When I was growing up in my own beleaguered industrial hometown, there was a kid in the neighborhood so famous for his grossness we didn’t accuse each other of having cooties, but The Gordie Touch. Gordie was a chubby special ed kid with cracked thick-lensed glasses and a shabby buzz cut. He wore stained hand-me-down overalls and was forever riding his too-small bike through the halls of the school, or chasing us down the sidewalk swinging a bicycle chain, the madness and delight in his eyes magnified by those glasses.
If you, too, have just read Xhenet Aliu’s Domesticated Wild Things, winner of the 2012 Prairie Schooner Book Prize in Fiction, you’ll forgive this digression. These eleven stories rooted in Waterbury, Connecticut, a city that once led the world in brass manufacturing, capture the struggling single mothers, fathers often absent or abusive, and children of the Gordie variety: neglected, running amok, and chubby “from a lifetime of Headstart breakfasts and free lunch in Sloppy Joe-heavy public school cafeterias.” Aliu’s stories are vivid, funny as hell, and deeply compassionate, with characters that feel familiar even if you didn’t grow up in Waterbury, or Flint, or any of the other blighted landscapes Forbes puts on its worst cities lists.
Which isn’t to say Aliu is crafting Waterbury as some Rust Belt anywhere. It’s a town specific in its wildness, and what remains is much more interesting to Aliu than what has been lost. The stories don’t linger long on the abandoned mills, but explore the makeshift wrestling rings, Greek diners, tattoo parlors where boys “inked a love even brighter than the chrome on their bikes,” and backyard aquariums waiting for the king cobra babies whose sale will end all financial woes.
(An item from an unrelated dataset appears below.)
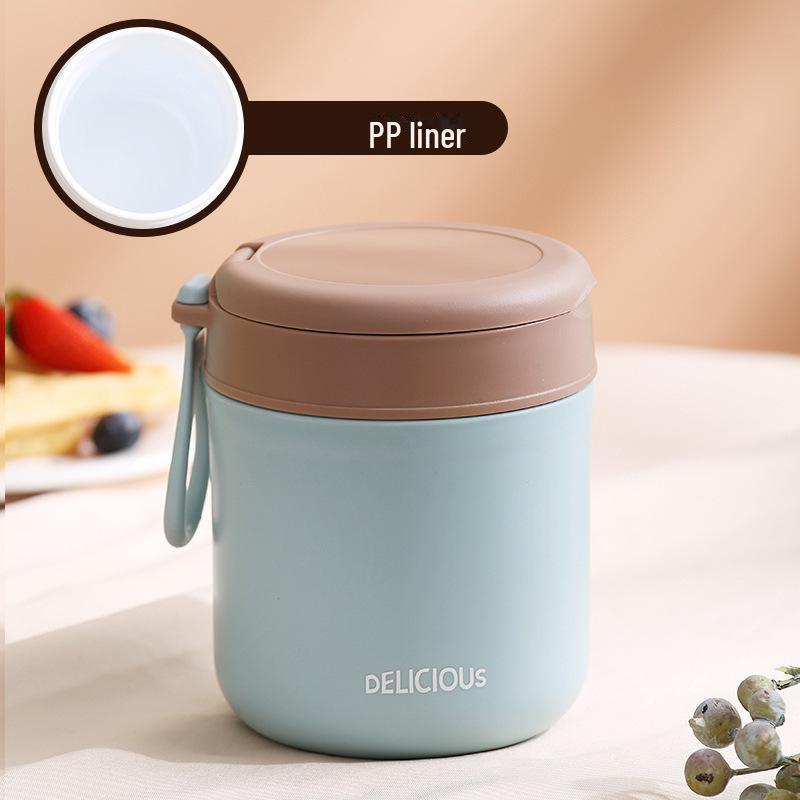 Japanese 304 Stainless Steel Portable Soup and Milk Cup with Handle, Ideal for Students and Adults.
In the collection’s first story, “You Say Tomato,” teenage Slatora considers the drive-in theater, “shut down before I could ever watch a movie there, the broad white screens still propped up on poles like sails on a boat that had run a hundred miles ashore.” Sure, the drive-in could serve as a symbol of the town’s former heyday, and maybe that boat image gestures toward the journey from Europe Slatora’s (and Aliu’s) parents made to work in the mills, but it’s also just straight-up blight: a fact of the landscape, as much as the oxidized brass horse statue across from the YMCA.
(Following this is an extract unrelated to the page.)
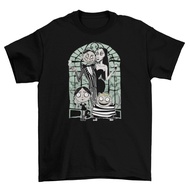 Addams Family T-Shirt Funny Tv Cotton Halloween Addams Gomez Morticia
The challenge of a book like Aliu’s seems to be how to capture the lives of Waterbury’s most down and out without either sentimentality or sensationalism— short fiction as poverty porn. There is undoubtedly a fascination with the uncouth here—just try and count how many times characters are described relieving themselves, or in how many stories animal feces are noted. Beyond the banal grossness of piss and shit, though, Domesticated Wild Things gives us broken homes, welfare, drug abuse, and criminal behavior ranging from murder to breeding venomous snakes. There’s incest and multiple levels of abuse in “The Kill Jar,” narrated by a 5th grader whose mother is taking his Ritalin and sleeping with her former father-in-law. Child molestation is alluded to in “You Say Tomato” and is described startlingly in “Ramon Beats the Crap Out of George, a Man Half His Size.”
What redeems these stories, though, is their compassion. If you’ll allow me to return to Flint circa 1994, these stories don’t scream when they get the Gordie Touch and run home to seek sanctuary in their own relatively more comfortable dysfunction. They follow Gordie home.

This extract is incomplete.